START The data

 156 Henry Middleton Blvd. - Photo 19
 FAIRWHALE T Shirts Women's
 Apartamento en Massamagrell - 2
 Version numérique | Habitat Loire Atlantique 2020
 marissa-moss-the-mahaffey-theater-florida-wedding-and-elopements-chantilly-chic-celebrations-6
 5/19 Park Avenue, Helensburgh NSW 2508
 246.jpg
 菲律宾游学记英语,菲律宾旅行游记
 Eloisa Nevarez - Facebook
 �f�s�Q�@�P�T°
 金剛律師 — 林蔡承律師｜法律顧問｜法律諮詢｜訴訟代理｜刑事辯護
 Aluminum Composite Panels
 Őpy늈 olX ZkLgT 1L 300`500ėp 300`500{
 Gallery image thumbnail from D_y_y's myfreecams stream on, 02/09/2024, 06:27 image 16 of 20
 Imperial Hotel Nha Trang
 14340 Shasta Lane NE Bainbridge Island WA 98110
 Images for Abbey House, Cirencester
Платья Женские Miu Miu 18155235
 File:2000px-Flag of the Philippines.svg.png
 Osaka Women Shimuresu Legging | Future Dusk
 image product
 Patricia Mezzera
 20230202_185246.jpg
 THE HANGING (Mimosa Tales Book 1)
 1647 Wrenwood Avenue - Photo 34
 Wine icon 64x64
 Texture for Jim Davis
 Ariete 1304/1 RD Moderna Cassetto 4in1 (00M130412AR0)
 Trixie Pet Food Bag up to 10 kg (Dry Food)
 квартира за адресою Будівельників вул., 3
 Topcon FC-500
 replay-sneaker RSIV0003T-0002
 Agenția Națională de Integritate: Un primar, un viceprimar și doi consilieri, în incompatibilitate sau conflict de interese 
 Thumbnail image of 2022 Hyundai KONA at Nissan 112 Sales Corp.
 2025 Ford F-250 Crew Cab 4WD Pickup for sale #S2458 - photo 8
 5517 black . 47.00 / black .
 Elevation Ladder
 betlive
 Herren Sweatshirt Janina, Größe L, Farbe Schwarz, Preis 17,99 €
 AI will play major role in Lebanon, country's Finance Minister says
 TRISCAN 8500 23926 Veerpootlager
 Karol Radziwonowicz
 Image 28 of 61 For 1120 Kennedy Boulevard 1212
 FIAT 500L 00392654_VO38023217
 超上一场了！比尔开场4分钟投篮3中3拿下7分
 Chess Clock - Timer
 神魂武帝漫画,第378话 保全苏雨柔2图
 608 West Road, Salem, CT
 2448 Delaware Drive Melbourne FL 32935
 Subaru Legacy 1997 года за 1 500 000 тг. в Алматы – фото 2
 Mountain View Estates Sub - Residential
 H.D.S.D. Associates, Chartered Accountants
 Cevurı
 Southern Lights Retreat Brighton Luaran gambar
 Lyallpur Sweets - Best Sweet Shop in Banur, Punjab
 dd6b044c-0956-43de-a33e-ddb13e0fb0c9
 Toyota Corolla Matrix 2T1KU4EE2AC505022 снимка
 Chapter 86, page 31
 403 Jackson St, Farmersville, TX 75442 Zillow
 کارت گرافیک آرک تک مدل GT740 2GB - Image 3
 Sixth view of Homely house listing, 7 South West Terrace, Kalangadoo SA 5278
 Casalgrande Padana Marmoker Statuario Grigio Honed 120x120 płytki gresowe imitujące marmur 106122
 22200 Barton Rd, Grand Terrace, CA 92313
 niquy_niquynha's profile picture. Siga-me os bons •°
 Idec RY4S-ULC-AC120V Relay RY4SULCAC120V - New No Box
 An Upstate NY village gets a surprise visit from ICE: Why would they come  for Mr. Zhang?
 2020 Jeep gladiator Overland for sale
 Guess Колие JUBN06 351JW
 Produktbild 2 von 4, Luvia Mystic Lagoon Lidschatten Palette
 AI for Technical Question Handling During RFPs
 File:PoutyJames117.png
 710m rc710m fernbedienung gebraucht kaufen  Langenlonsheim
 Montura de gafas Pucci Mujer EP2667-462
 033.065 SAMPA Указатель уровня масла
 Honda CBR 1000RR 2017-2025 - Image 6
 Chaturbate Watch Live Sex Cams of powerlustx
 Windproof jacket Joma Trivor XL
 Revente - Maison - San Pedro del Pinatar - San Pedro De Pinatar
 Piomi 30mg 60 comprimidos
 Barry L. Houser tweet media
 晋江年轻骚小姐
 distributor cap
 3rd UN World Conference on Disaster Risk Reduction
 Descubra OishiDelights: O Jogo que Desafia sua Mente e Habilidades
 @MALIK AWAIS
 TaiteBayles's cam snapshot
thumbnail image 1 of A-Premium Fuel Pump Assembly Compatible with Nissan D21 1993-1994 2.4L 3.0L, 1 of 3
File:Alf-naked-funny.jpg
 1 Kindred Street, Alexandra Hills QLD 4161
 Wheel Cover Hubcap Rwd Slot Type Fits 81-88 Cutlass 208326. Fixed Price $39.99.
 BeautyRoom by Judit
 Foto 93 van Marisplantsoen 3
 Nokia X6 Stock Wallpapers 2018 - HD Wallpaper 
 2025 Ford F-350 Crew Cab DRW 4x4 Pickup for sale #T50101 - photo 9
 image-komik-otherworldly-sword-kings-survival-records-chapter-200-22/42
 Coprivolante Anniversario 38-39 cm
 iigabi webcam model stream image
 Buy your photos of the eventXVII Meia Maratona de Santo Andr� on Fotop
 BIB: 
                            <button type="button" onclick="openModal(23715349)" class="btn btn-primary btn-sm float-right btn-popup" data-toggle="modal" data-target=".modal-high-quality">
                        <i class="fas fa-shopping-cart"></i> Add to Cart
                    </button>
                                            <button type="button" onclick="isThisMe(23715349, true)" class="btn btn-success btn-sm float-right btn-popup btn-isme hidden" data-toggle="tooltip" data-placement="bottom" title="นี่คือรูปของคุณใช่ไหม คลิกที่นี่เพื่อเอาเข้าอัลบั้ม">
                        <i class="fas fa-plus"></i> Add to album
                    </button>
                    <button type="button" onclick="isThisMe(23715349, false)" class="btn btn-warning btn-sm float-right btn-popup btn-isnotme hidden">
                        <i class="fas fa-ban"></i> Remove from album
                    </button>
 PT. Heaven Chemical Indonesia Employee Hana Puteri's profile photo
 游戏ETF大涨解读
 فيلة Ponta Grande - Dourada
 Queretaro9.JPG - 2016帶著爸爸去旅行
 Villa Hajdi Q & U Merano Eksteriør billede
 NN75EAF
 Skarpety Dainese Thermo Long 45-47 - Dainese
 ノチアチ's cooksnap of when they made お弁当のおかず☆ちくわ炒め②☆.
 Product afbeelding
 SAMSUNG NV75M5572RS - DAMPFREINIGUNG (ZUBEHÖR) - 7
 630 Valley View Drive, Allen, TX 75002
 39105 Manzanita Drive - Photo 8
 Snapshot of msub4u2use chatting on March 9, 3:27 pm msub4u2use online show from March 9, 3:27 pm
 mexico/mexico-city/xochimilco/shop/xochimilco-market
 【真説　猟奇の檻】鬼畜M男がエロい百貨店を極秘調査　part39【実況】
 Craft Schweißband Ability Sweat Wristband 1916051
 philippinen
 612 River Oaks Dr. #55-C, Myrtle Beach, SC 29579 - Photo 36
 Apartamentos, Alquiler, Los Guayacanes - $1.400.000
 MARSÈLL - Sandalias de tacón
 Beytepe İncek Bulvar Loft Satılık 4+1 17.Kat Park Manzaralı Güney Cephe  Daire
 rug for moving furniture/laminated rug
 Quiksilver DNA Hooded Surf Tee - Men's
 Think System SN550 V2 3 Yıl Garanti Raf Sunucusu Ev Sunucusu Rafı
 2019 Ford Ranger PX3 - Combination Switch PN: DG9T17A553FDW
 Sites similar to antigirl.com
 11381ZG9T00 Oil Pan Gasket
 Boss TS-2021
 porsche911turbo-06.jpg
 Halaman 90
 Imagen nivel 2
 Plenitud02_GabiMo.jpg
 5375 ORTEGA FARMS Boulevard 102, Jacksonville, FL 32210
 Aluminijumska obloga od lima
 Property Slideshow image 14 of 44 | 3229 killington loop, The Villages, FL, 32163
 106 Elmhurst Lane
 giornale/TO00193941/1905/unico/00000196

END The data

In the listing above, locate the line with "Barry L. Houser tweet media" and the line with "btn-warning btn-sm float-right", then extract exactly those lines and every line between them, and nothing more.

## Output of the exercise
 Barry L. Houser tweet media
 晋江年轻骚小姐
 distributor cap
 3rd UN World Conference on Disaster Risk Reduction
 Descubra OishiDelights: O Jogo que Desafia sua Mente e Habilidades
 @MALIK AWAIS
 TaiteBayles's cam snapshot
thumbnail image 1 of A-Premium Fuel Pump Assembly Compatible with Nissan D21 1993-1994 2.4L 3.0L, 1 of 3
File:Alf-naked-funny.jpg
 1 Kindred Street, Alexandra Hills QLD 4161
 Wheel Cover Hubcap Rwd Slot Type Fits 81-88 Cutlass 208326. Fixed Price $39.99.
 BeautyRoom by Judit
 Foto 93 van Marisplantsoen 3
 Nokia X6 Stock Wallpapers 2018 - HD Wallpaper 
 2025 Ford F-350 Crew Cab DRW 4x4 Pickup for sale #T50101 - photo 9
 image-komik-otherworldly-sword-kings-survival-records-chapter-200-22/42
 Coprivolante Anniversario 38-39 cm
 iigabi webcam model stream image
 Buy your photos of the eventXVII Meia Maratona de Santo Andr� on Fotop
 BIB: 
                            <button type="button" onclick="openModal(23715349)" class="btn btn-primary btn-sm float-right btn-popup" data-toggle="modal" data-target=".modal-high-quality">
                        <i class="fas fa-shopping-cart"></i> Add to Cart
                    </button>
                                            <button type="button" onclick="isThisMe(23715349, true)" class="btn btn-success btn-sm float-right btn-popup btn-isme hidden" data-toggle="tooltip" data-placement="bottom" title="นี่คือรูปของคุณใช่ไหม คลิกที่นี่เพื่อเอาเข้าอัลบั้ม">
                        <i class="fas fa-plus"></i> Add to album
                    </button>
                    <button type="button" onclick="isThisMe(23715349, false)" class="btn btn-warning btn-sm float-right btn-popup btn-isnotme hidden">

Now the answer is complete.